----- Given records
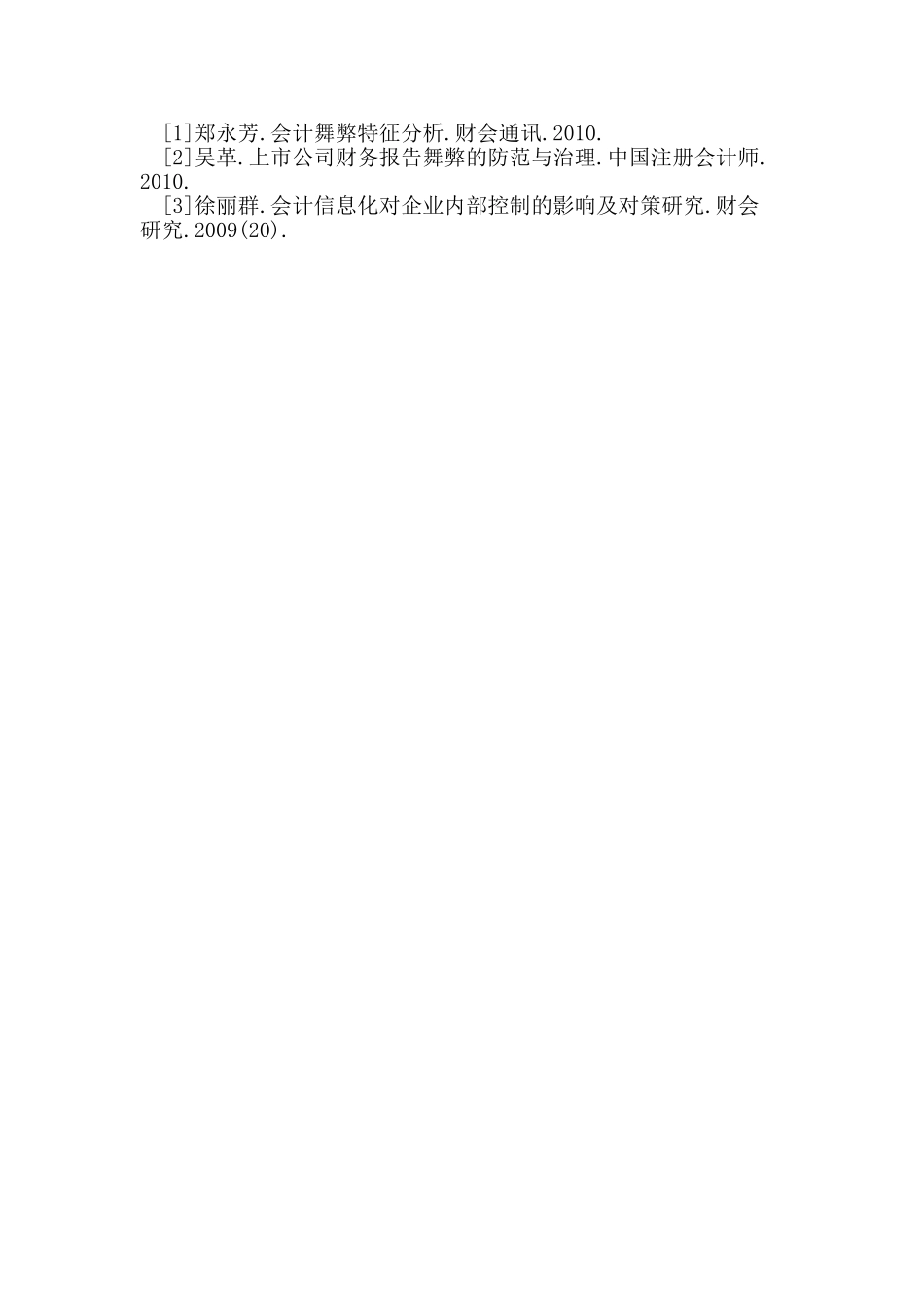 会计信息化环境下舞弊行为及其防范_第3页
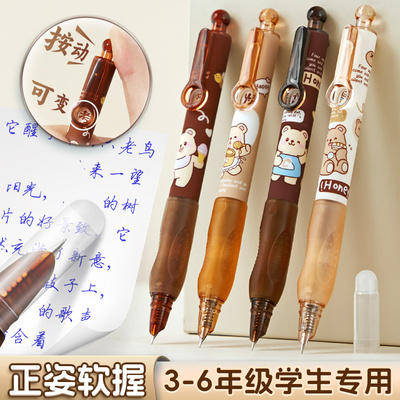 依人热敏可擦正姿按动跳跳笔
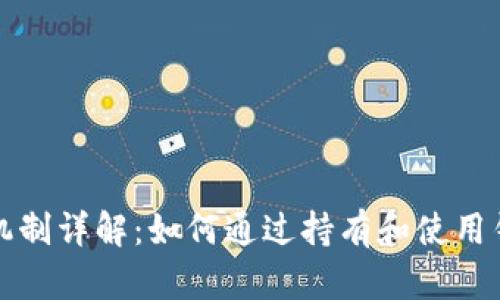 以太坊钱包奖励机制详解：如何通过持有和使用钱包赚取更多收入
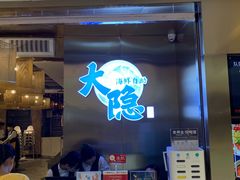 门面-金环海鲜自助(大坪时代天街店)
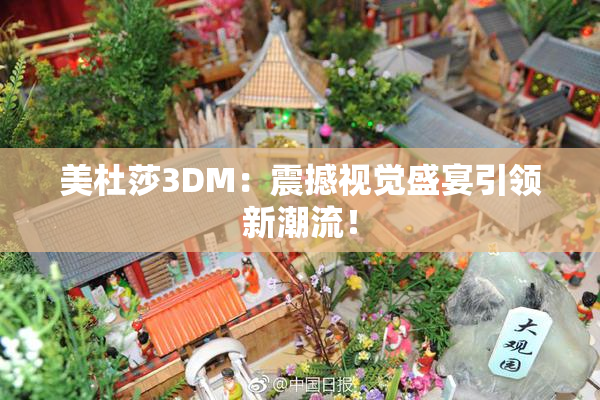 美杜莎3DM：震撼视觉盛宴引领新潮流！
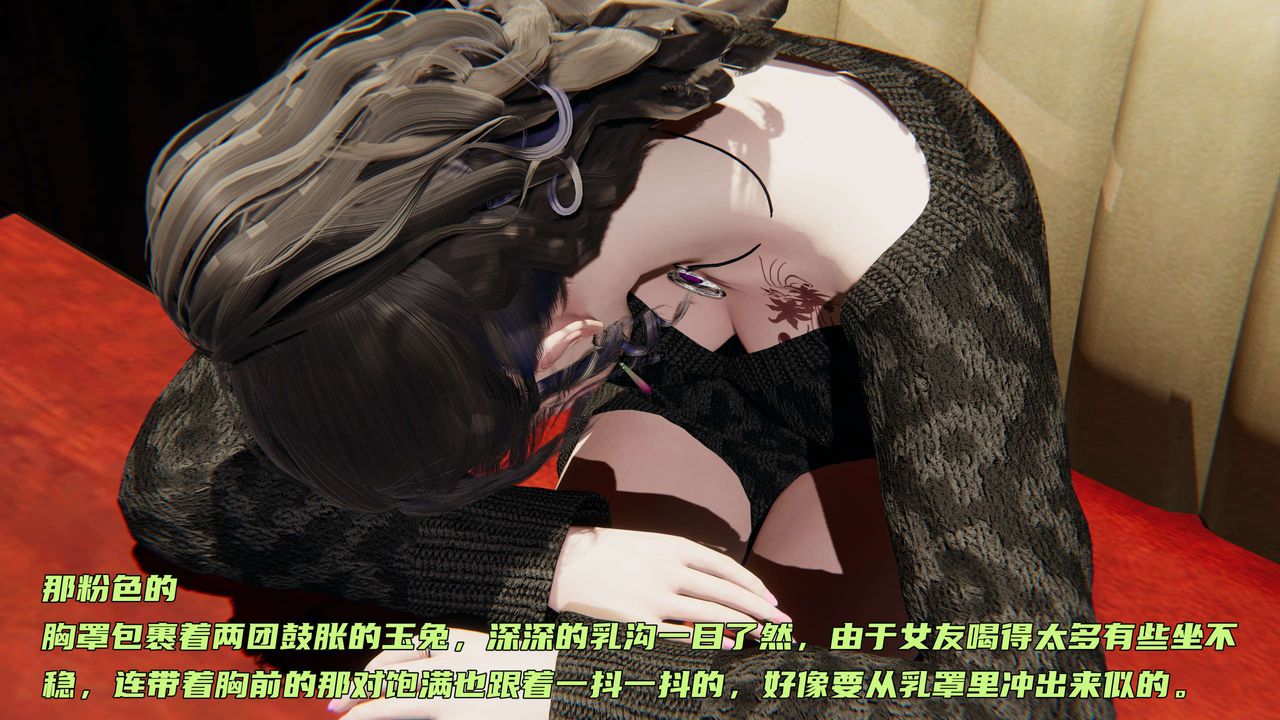 《[3D]暴露女友小月》漫画 第01話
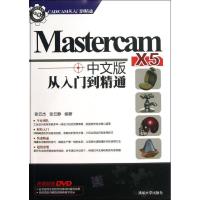 正版新书]Mastercam X5从入门到精通(中文版 )张云杰978730231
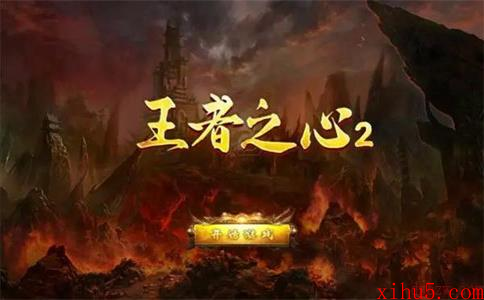 王者之心2怎么回收装备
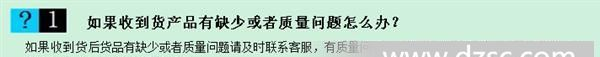 批发aaa电池 1.5V环保5号电池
----------
Exercise directions:
Repeat the records above exactly, leaving out the pictures.

Exercise response:
 会计信息化环境下舞弊行为及其防范_第3页
 依人热敏可擦正姿按动跳跳笔
 以太坊钱包奖励机制详解：如何通过持有和使用钱包赚取更多收入
 门面-金环海鲜自助(大坪时代天街店)
 美杜莎3DM：震撼视觉盛宴引领新潮流！
 《[3D]暴露女友小月》漫画 第01話
 正版新书]Mastercam X5从入门到精通(中文版 )张云杰978730231
 王者之心2怎么回收装备
 批发aaa电池 1.5V环保5号电池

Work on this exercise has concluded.